**Required work:** No pictures go into the copy. Write out exactly the lines below from the one containing "Sonder by Marriott" through the one containing "Pull&Bear Bot - Görsel 12".

**Source material:**

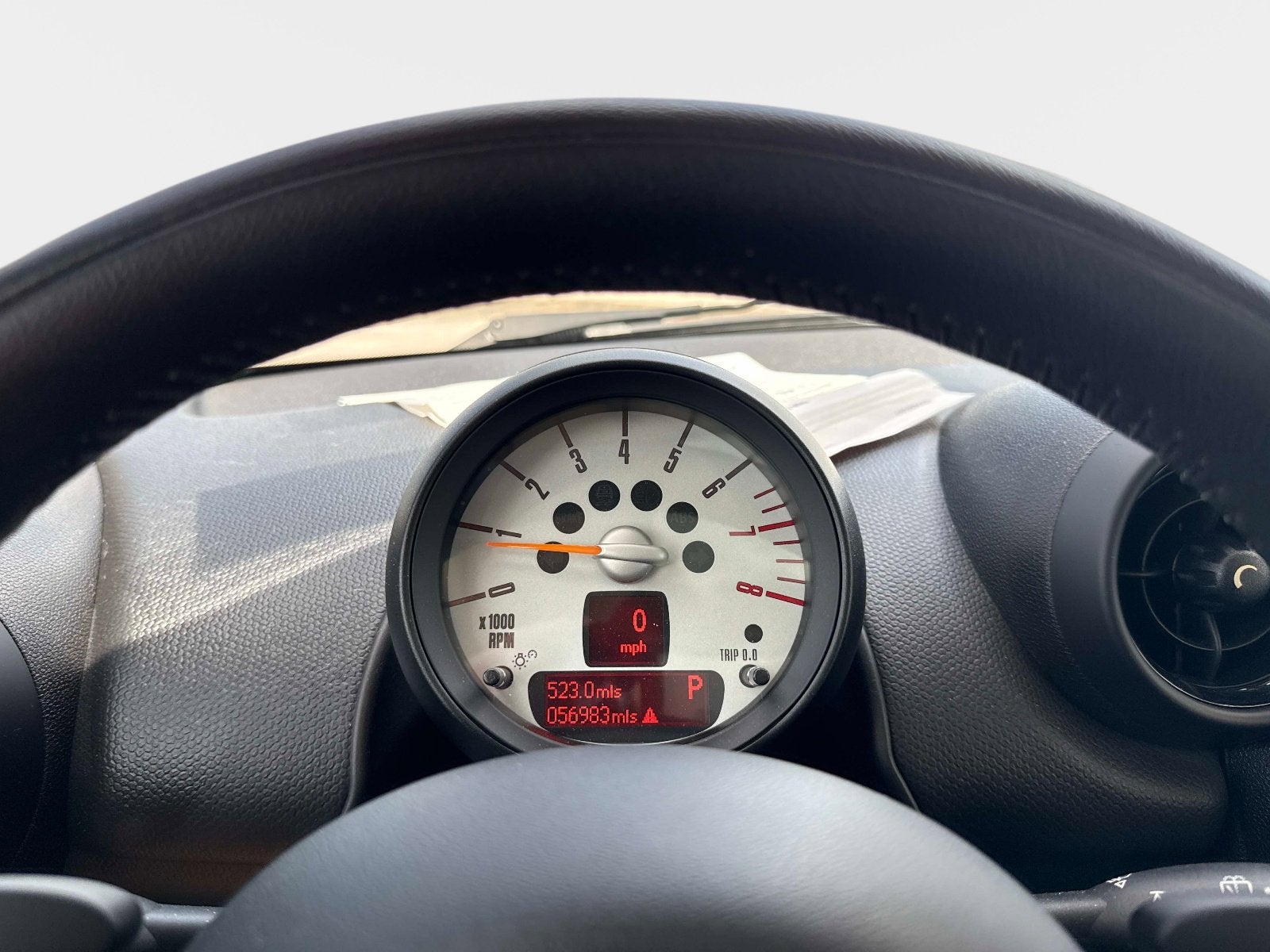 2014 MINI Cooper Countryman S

* * *

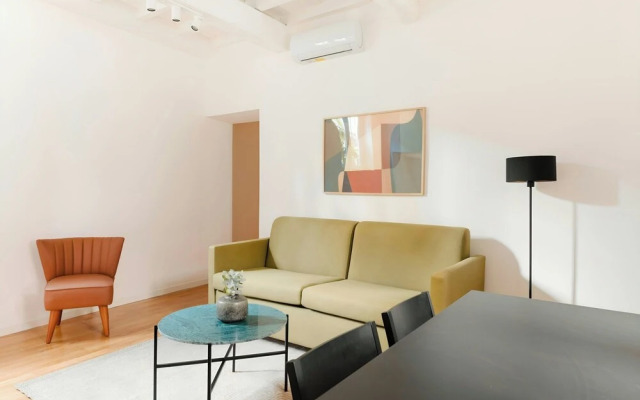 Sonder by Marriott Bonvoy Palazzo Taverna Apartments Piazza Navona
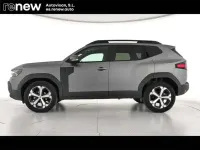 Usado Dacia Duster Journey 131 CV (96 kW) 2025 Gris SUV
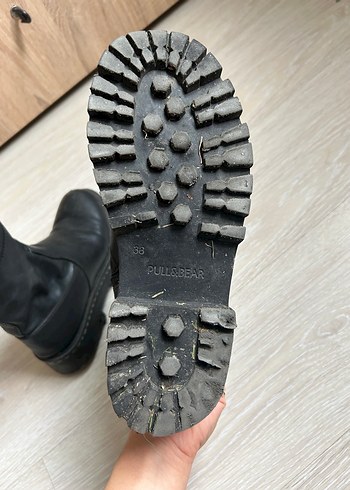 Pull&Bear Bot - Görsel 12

**Reply:**
 Sonder by Marriott Bonvoy Palazzo Taverna Apartments Piazza Navona
 Usado Dacia Duster Journey 131 CV (96 kW) 2025 Gris SUV
 Pull&Bear Bot - Görsel 12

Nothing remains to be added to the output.